Bouncing Spam and SpamCop Reporting

[rossmpersonal]

When a SpamCop Reporting system user receives spam, does it make sense for them to report the spam with SpamCop AND bounce the spam message or just report the spam with SpamCop?

[Wazoo]

Bouncing as an end user of something sitting in your InBox is absolutely bad. For one reason, please read and interpolate the concept of "forged addresses" in the Pinned item at http://forum.spamcop.net/forums/index.php?showtopic=203 .... If you're using one of the many products that advertise the "bounce" feature, I suggest you turn that feature off. It is easy to see that it's not a bounce from the e-mail server of your ISP, and worst case, some ISPs have taken users to task over the results of using some of these products, as the "bounce" also uses a forged address like Postmaster of the ISP ... way too many forgeries involved here, the likely result is that you're bouncing to the wrong address, on and on ..

[F. Jones]

I definitely agree.

Unnecessary bouncing is why you get all those messages from people you've never heard of saying that the virus you sent them was intercepted.

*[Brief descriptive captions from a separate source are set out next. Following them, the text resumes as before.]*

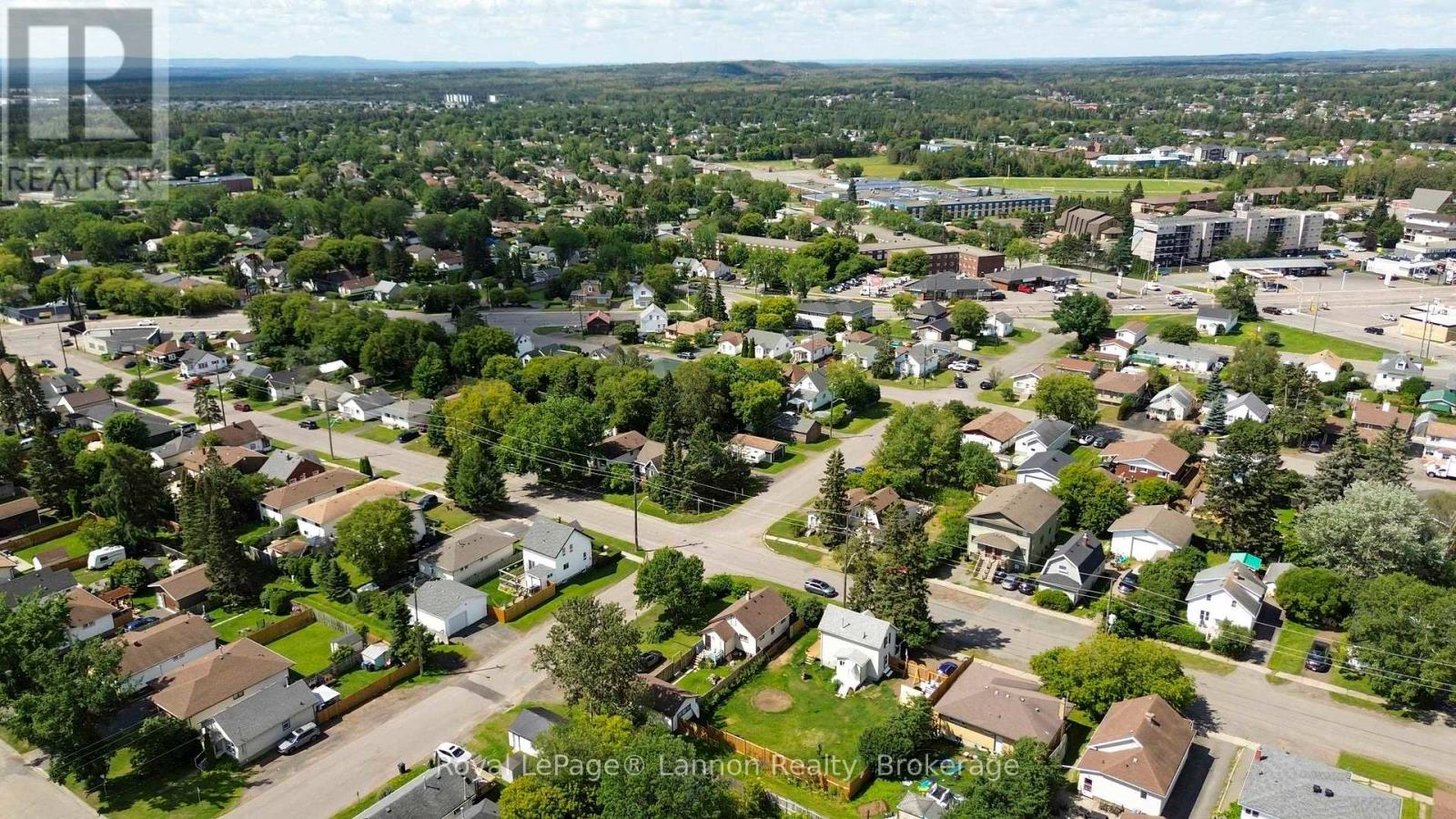 73 EMPRESS AVE N - 39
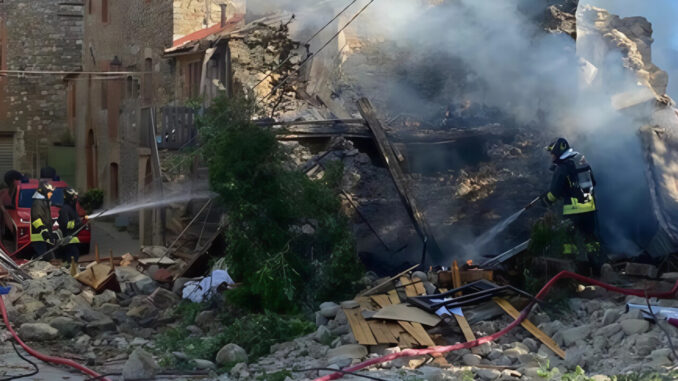 Esplosione a Pievelunga donna ferita, casa crollata, aggiornamento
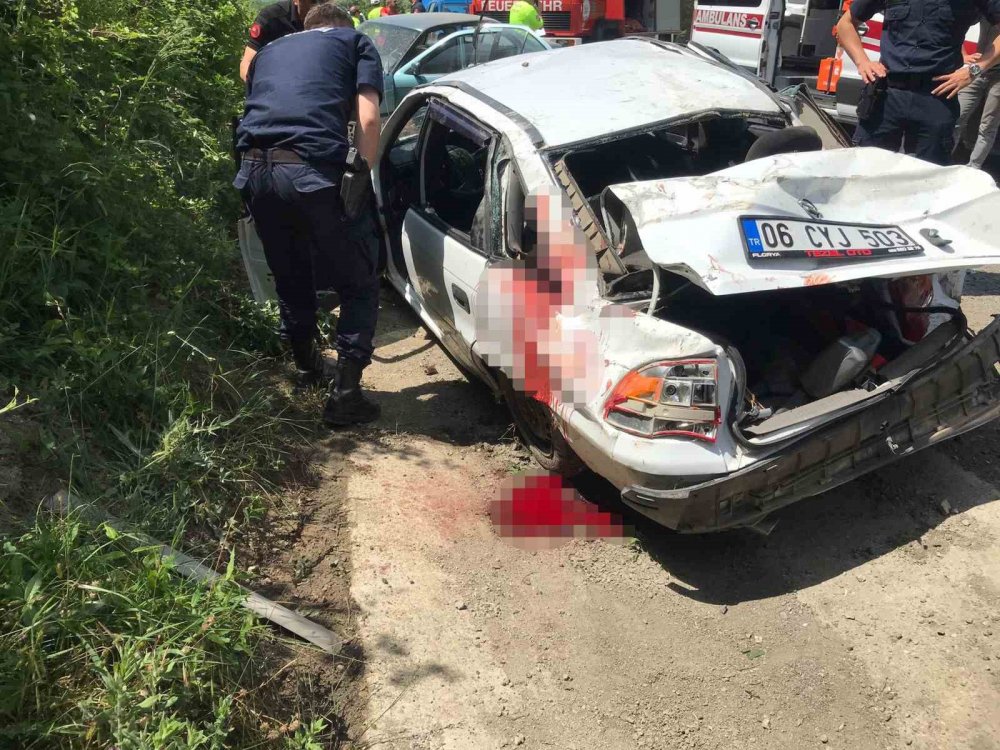 Tatile gittikleri otomobil takla atıp başka bir araçla çarpıştı: 1’i ağır 6 yaralı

I always try to convince admins to turn off this feature, at least for known worms. It makes sense to send a warning to those who sent infected Word documents and such, but those make up much less than 1% of all virus/worm/malware intercepts here.

[rossmpersonal]

I am a newbie. There are several things I don't understand. Please explain them to me.

I read through http://forum.spamcop.net/forums/index.php?...findpost&p=1018 .

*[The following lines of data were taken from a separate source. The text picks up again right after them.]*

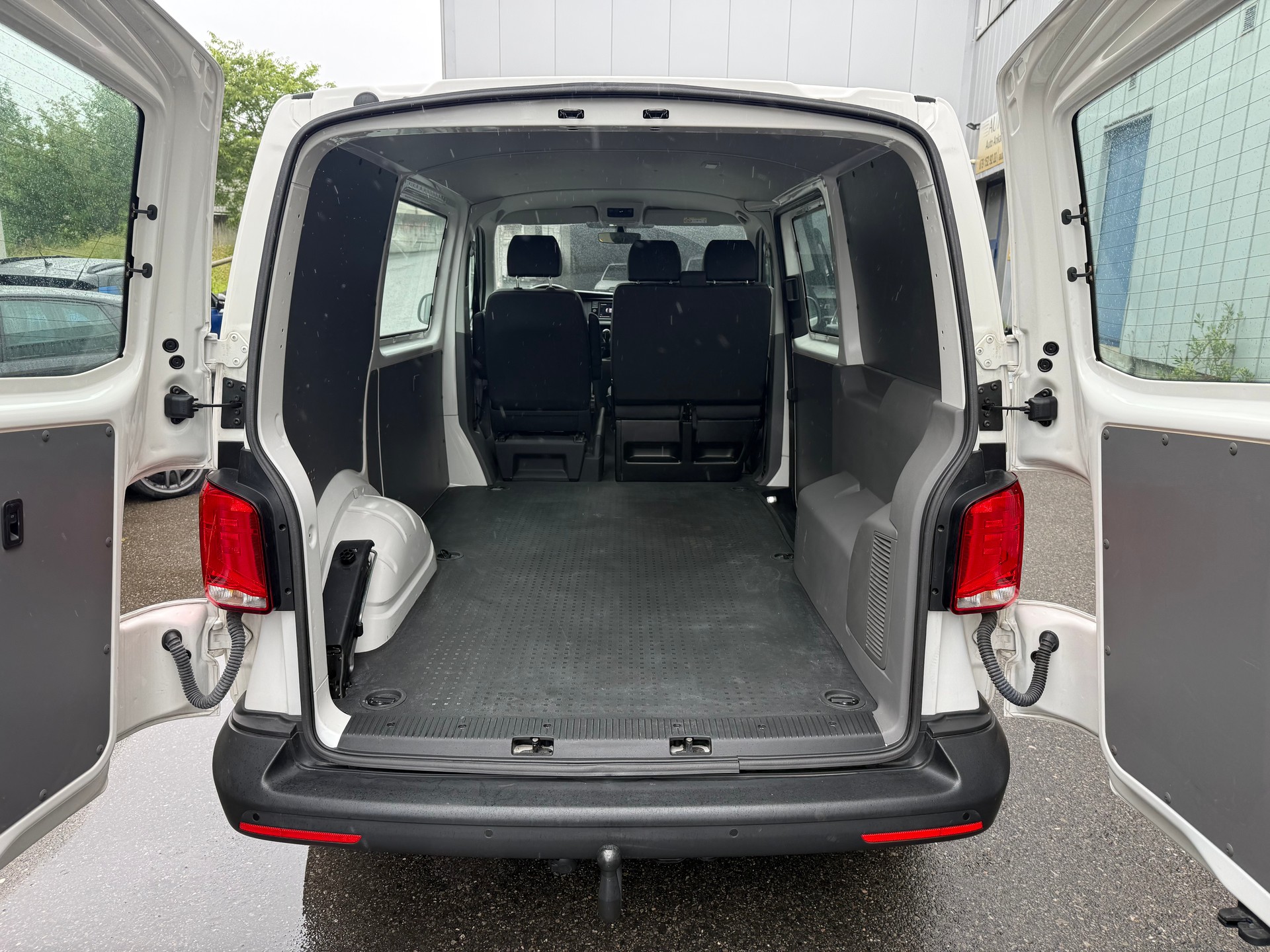 VW T6.1 2.0 TDI Entry-image-12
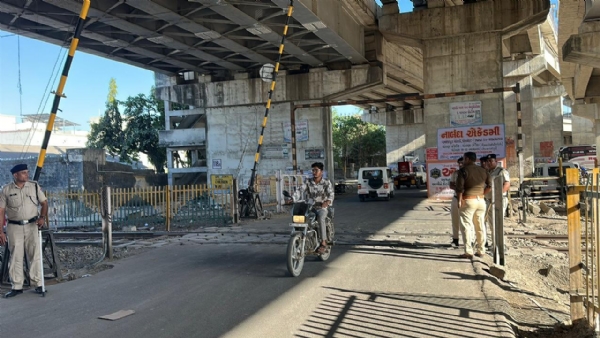 ઉદ્યોગનગરનુ ફાટક બંધ કરવા સામે સ્થાનિકોમાં આક્રોશ.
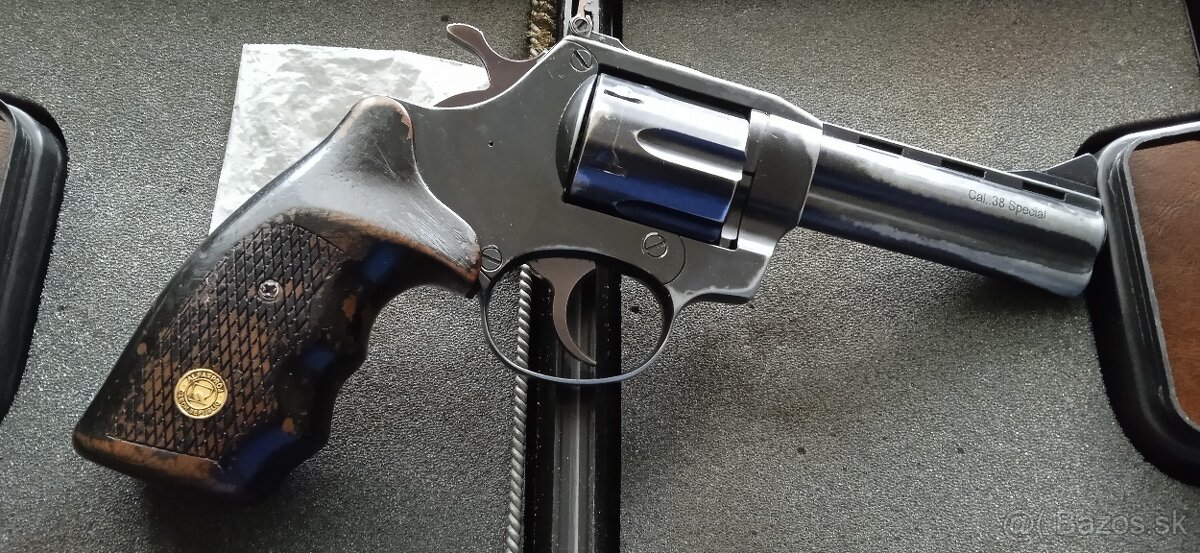 Revolver Holek 841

You may get some irate e-mails from those who are truly clueless, but your IP address won't show up on a blocklist for such a forgery.

It is my understanding (possibly misunderstanding) that spammers test for valid e-mail addresses by randomly putting together combinations of letters to form an e-mail address, sending a forged e-mail to that randomly put together e-mail address, and adding e-mail addresses to their list which they do not receive bounce messages about in the mailbox for the forged address. I thought that bouncing messages would trick spammers into thinking an address is invalid. Please correct me if I am wrong.

Therefore, if the spammer sets up an account at the forged address, wouldn't the chance that an innocent victim would receive a bounce message be very small? Or am I wrong?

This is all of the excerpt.